Look through the listing below, and wherever a line has the string "Technology", pull it out.

### [Input data]
※
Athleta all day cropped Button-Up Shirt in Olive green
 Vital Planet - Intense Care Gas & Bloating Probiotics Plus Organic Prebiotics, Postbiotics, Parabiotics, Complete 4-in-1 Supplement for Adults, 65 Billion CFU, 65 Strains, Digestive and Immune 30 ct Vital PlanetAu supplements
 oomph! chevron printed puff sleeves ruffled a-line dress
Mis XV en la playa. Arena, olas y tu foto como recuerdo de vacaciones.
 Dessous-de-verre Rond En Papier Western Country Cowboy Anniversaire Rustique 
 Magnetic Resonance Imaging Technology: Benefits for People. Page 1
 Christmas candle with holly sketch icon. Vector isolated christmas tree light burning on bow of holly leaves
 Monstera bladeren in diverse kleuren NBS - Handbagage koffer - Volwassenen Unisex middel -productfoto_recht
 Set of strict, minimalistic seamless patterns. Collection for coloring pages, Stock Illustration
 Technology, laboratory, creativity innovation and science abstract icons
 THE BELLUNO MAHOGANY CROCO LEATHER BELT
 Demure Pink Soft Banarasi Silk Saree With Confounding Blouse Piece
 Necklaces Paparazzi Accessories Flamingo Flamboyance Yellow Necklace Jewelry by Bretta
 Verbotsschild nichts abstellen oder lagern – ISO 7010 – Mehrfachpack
※
### [The answer]
 Magnetic Resonance Imaging Technology: Benefits for People. Page 1
 Technology, laboratory, creativity innovation and science abstract icons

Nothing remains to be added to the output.